Controversy would continue to dog Polanski's life. In 1977 he was arrested for sexually assaulting a 13 year-old girl. Polanski fled the States, never to return. There's a theory that Polanski's cinema mirrors his personal life. Indeed, after the murder of Sharon Tate, Polanski directed a bloody version of Macbeth. After the sexual abuse scandal he directed Tess, starring the 15 year old Nastassja Kinski, with whom he had an affair at the time. Both The Pianist (2002) and Oliver Twist (2005) mirror Polanski's experiences in wartime Poland.

Rosemary's Baby, Repulsion and The Tenant make up the loose 'apartment trilogy', presumably because they are largely set in apartments. His most recent film, Carnage, recently released on DVD, is wholly set in an apartment. The premise is vaguely reminiscent of Bunuel's The Exterminating Angel, in which a group of middle class dinner guests find themselves unable to leave the room for no apparent reason (according to Woody Allen's Midnight in Paris, this idea was given to Bunuel by Owen Wilson in 1920s Paris), it's also similar to Christos Tsiolkas's novel and TV series The Slap – the catalyst for Carnage is a boy being hit with a stick. The parents of both boys meet up to discuss the incident. The result? Carnage.

Even Carnage – adapted from a play and set in an apartment – has the same innately cinematic feel as all Polanski's films. His films seem to work best when limited to a particular place: the boat in Knife in the water; a west London apartment in Repulsion; the island of Lindisfarne in Cul-de-Sac; the prime minister's isolated house in Ghost Writer.

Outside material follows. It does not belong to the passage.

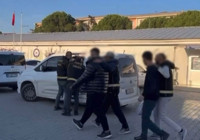 Osmaniye'de pompalı tüfekli saldırı girişimine 3 tutuklama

Polanski's latest film goes one step further than Damon Albarn's album Dr Dee by calling it simply D. It's based on Alfred Dreyfus, the Jewish artillery officer falsely accused of treason and sentenced to life imprisonment. He eventually had his name cleared by the french writer Emile Zola. Comparisons to Polanski's own life are already inevitably being drawn.